BAB 36 DICULIK DAN DISEKAP

11 1 0
                                    

Saat aku akan menuruni tangga, baru sampai ditangga kedua.

"Jangan bergerak..!" Seru seseorang berpakaian serba hitam dengan penutup wajah, hanya terlihat matanya saja, sedang menodongkan senjata berapinya ke hadapanku dan Miko.

Jantungku tiba-tiba berdetak lebih cepat.

Aku terpaku, diikuti dengan Miko yang juga terkejut dengan kedatangan tamu tak diundang tersebut. Miko langsung menggenggam erat tanganku.

"Bawa mereka..!" Perintah lelaki bersenjata itu kepada beberapa orang suruhannya yang segera berjalan menghampiriku dan Miko.

Aku melihat pemandangan yang tidak menyenangkan, mbak Ina dan dua security penjaga rumah kami diikat kedua tangan dan kakinya, mulut mereka juga ditutup, sehingga mereka hanya mampu memberontak dalam bisu sembari menggerak-nggerakkan badan mereka percuma, karena ikatannya terlihat sangat kuat sekali.

"Kalian siapa?"Tanyaku.

"Ikut saja, jangan banyak tanya!" Jawab salah satu dari mereka, menarikku dengan kasar.

Miko berusaha memberontak tapi dia tetap kalah, karena senjata api yang dibawa lelaki misterius itu terus siaga.

Kami dipaksa turun dari tangga dengan tangan yang terikat tali. Mereka mengikat tangan kami dengan cepat, seperti sudah terlatih.Sampai di halaman depan rumah, aku dan Miko lalu dipisahkan.

Gerombolan penculik itu membawa 2 mobil, aku dimasukkan ke dalam mobil jeep, dan Miko dimasukkan kedalam sebuah mobil box.

Tuhan jagalah kami, hanya itu yang terus kupanjatkan.

Mobil box yang ditumpangi Miko melaju terlebih dahulu, dan menjauhiku dengan cepat. Sedangkan mobil yang kutumpangi masih bertengger di depan rumahku. Aku berusaha berteriak. Tapi tetap tak membantu, hanya menyisahkan kering di kerongkonganku, karena sudah dipastikan tidak akan mungkin terdengar dari depan.

Rumah disekitar komplek sangat tinggi dan besar, disamping juga jarang sekali penghuninya ada di rumah.

Hampir 30 menit, tanganku terikat dan dibiarkan di mobil Jeep. Sampai seseorang masuk ke dalam mobil jeep dan membuatku terbelalak.

Bukan karena dia telah membanting pintu mobil dengan sangat kencang, tapi karena dia membuka kain penutup wajah, dan dengan jelas aku dapat melihat wajahnya.

Spontan aku menyebut nama "Kak Chan.." lirih.

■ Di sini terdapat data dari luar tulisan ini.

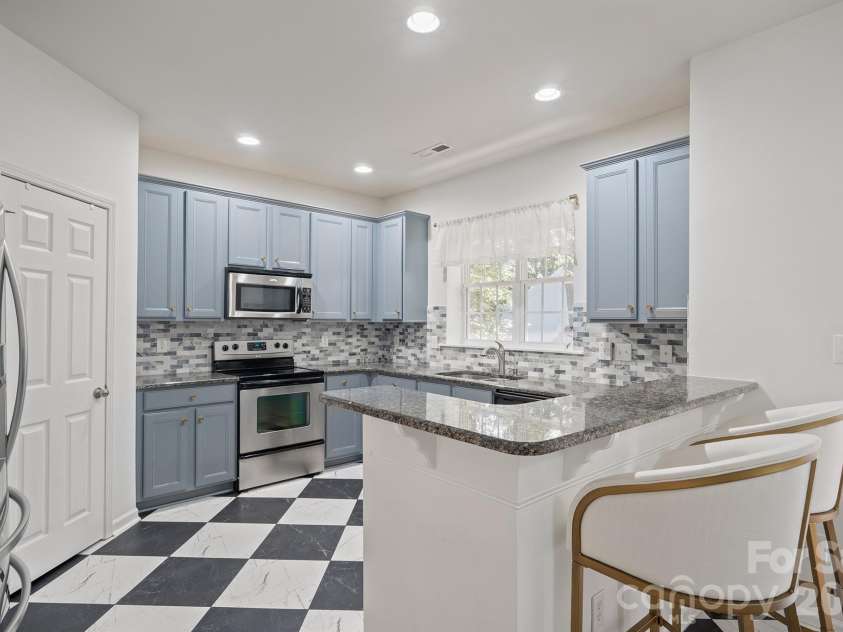 17916 Caldwell Track Drive, Cornelius, NC 28031.  MLS# CAR4412811, YatesRealty ID 44200. 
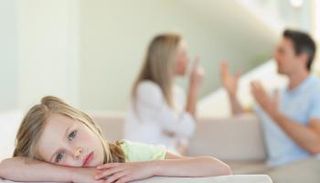 كيف يمكن للأبوين تجنيب الطفل العقد النفسية بعد الطلاق؟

Aku baru sadar, mobil jeep yang kutumpangi adalah mobil jeep yang tadi aku kejar.

Ya benar, dia adalah "Kak Chan"

Orang yang selama 10 tahun ini kucari, sekarang dia ada di hadapanku, tapi justru membuatku tidak mampu berkata-kata.

Tubuhku gemetar, air mataku spontan berjatuhan.

"Kak Chan?" Ucapku lirih sekali lagi, karena tidak tahu harus mengatakan apa.

Tapi kak Chan tanpa ekspresi, memilih langsung melajukan mobilnya dengan cepat dan kasar.

"Tolong katakan, benarkah kamu Kak Chan?" Tanyaku masih dengan air mata berlinang.

Dia masih tidak menjawab, aku seperti sedang berbicara dengan orang tuli.

Padahal aku terus memandangi wajahnya dengan berlinangan air mata. Sayangnya kak Chan tidak bergeming sedikitpun, jangankan menoleh, melirikpun tidak.

Aku tidak menyerah, sepanjang perjalanan aku terus memanggil namanya, meskipun terdengar percuma. Hingga akhirnya akupun memilih menyerah, karena merasa memang percuma.

Seketika, bukan rasa takut yang sekarang aku rasakan, namun kesedihan dan kekecewaan. Sedih dan kecewa karena kak Chan tidak mengenalku. Padahal harusnya aku lebih memikirkan keselamatanku, karena seandainya benar Kak Chan adalah orang yang berbahaya seperti yang dikatakan Pak Arlan, nyawaku jelas sedang terancam. Tapi aku tidak memikirkan itu sama sekali.